START Task data

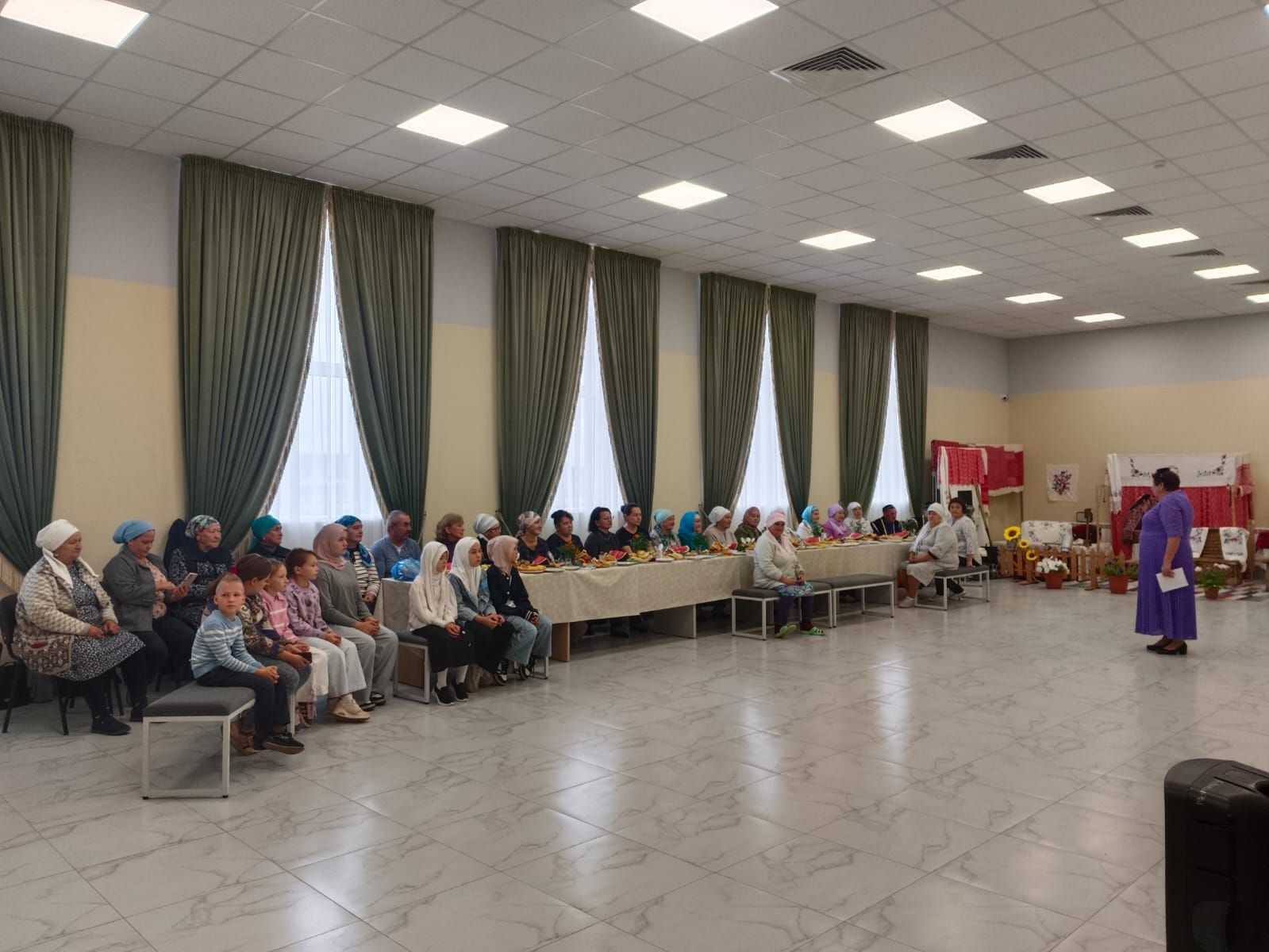Олы Ачасыр авылында «Бәрәңге бәйрәме» узды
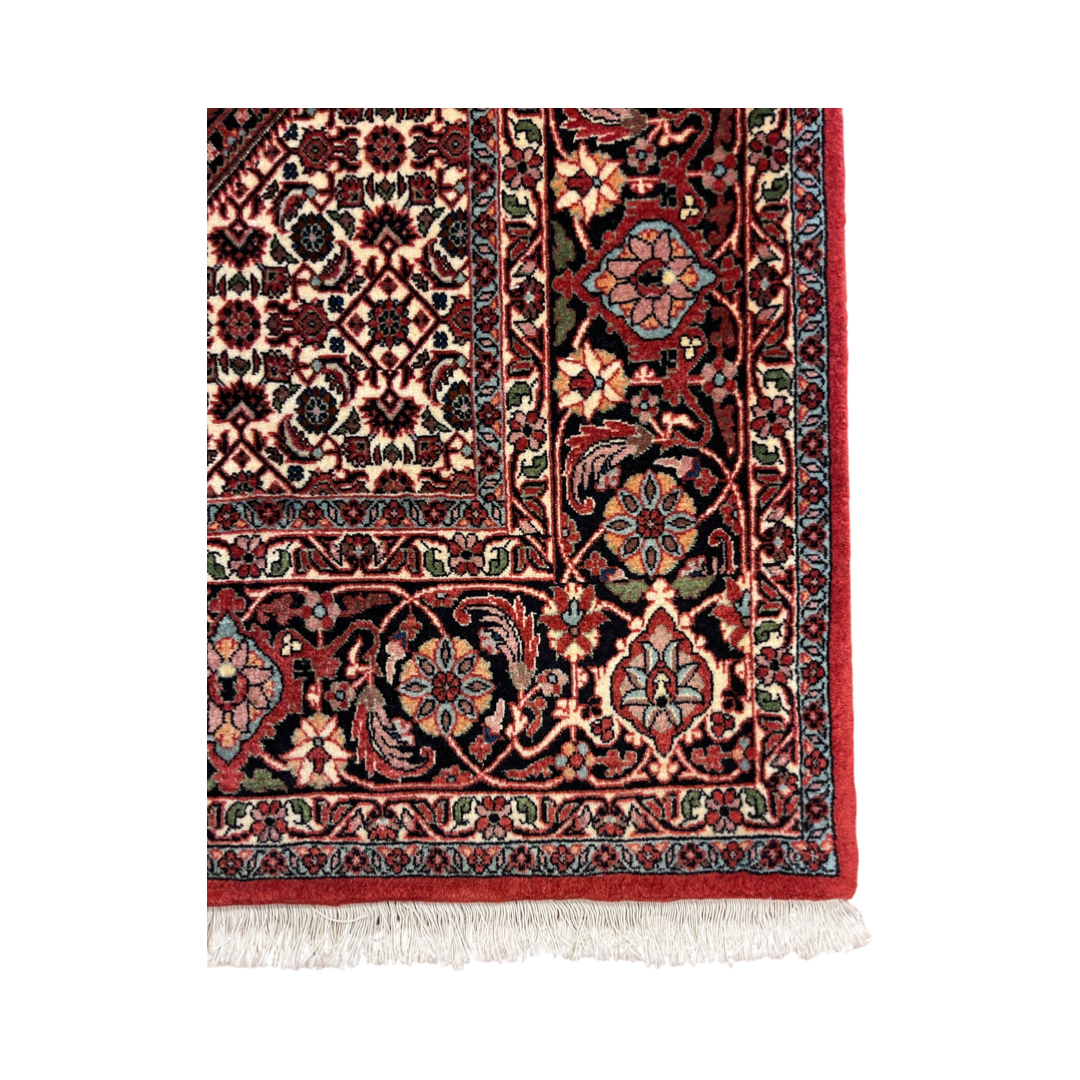 Hand-knotted carpet Bidjar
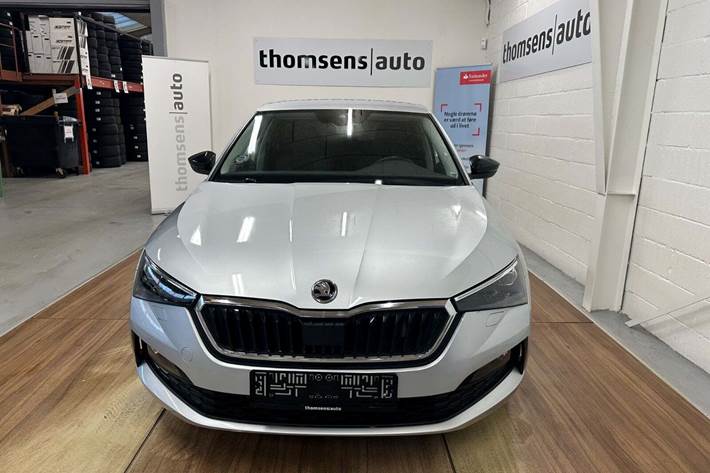Sølv Skoda Scala fra 2021
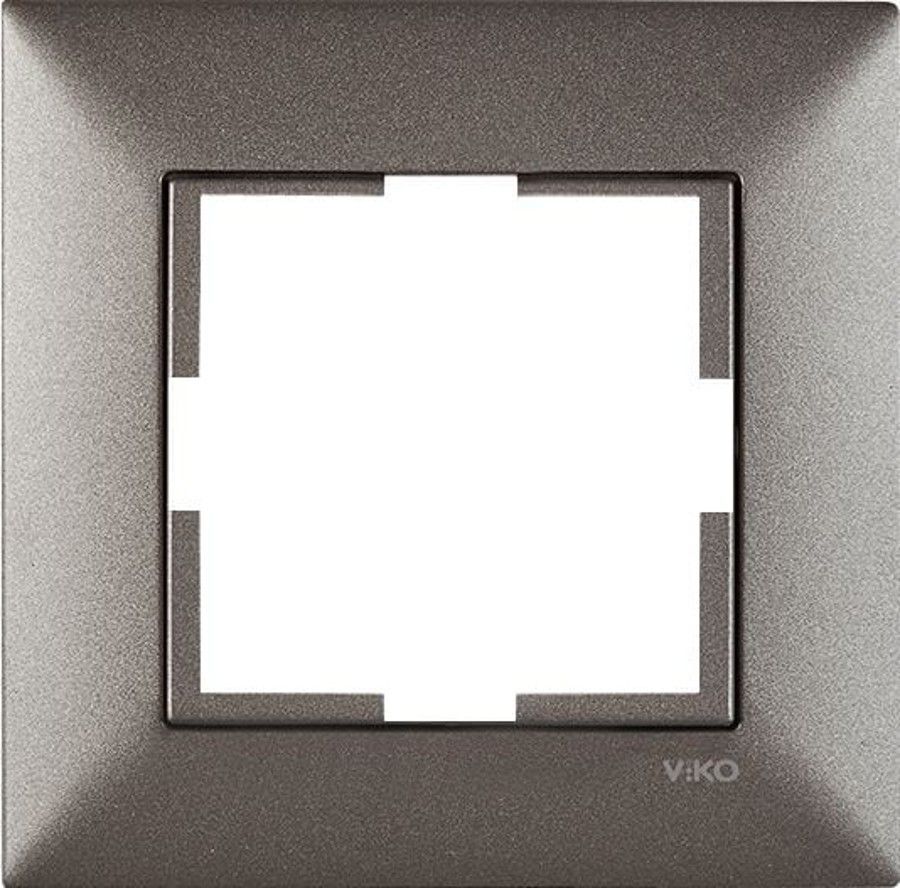 Viko Artline Trenda Çerçeve Antrasit - 6lı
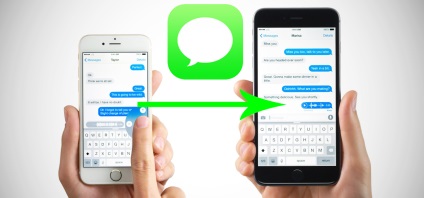 Cum să transferați toate mesajele pe un iPhone nou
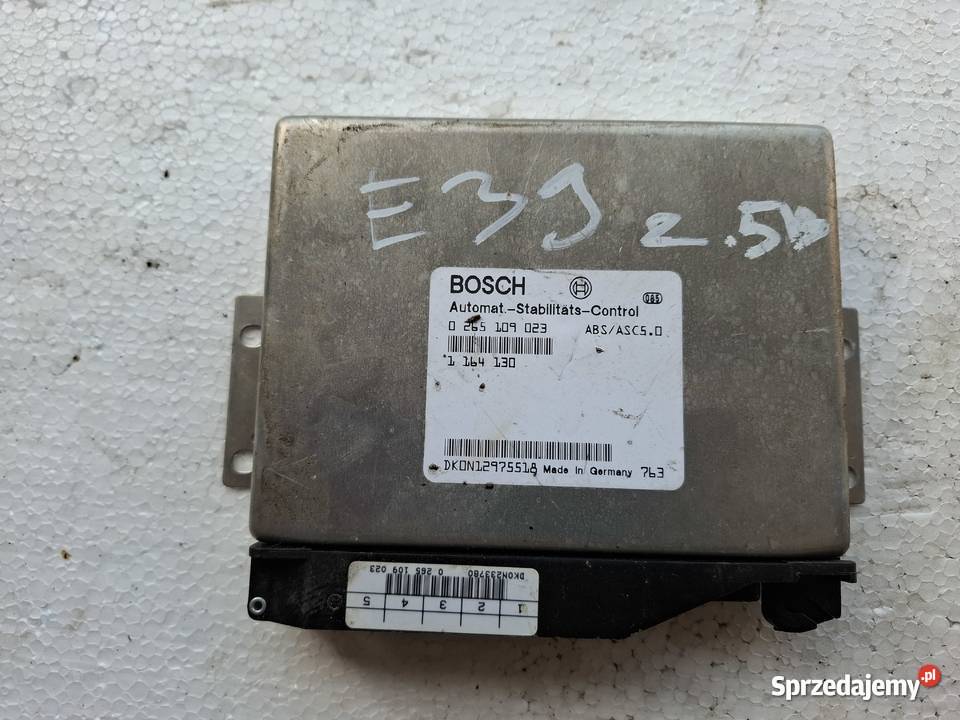Sterownik Komputer ABS E39 25B Pozostałe lubelskie Wisznice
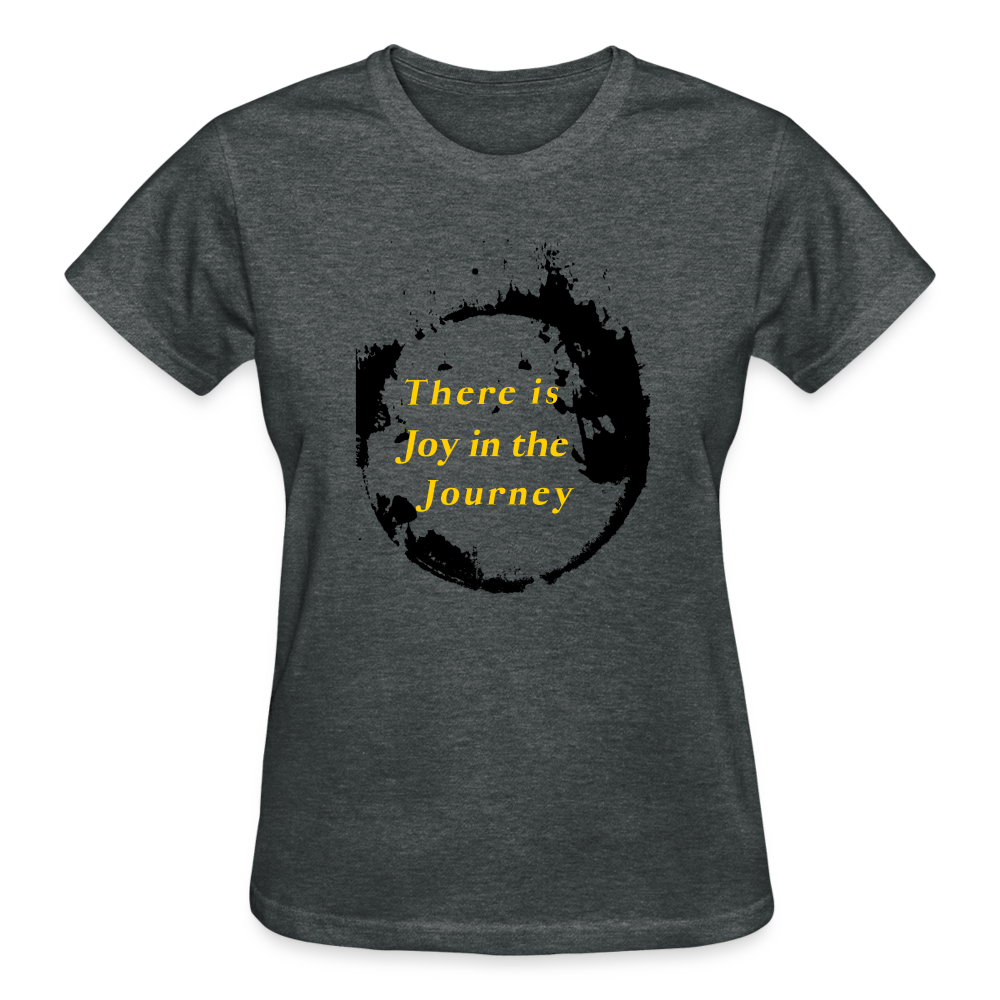 THERE IS JOY IN THE JOURNEY - deep heather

END Task data

Exercise instructions: Above are the records; copy every one of them exactly and omit the images.

Reply to the exercise:
Олы Ачасыр авылында «Бәрәңге бәйрәме» узды
 Hand-knotted carpet Bidjar
Sølv Skoda Scala fra 2021
 Viko Artline Trenda Çerçeve Antrasit - 6lı
 Cum să transferați toate mesajele pe un iPhone nou
Sterownik Komputer ABS E39 25B Pozostałe lubelskie Wisznice
 THERE IS JOY IN THE JOURNEY - deep heather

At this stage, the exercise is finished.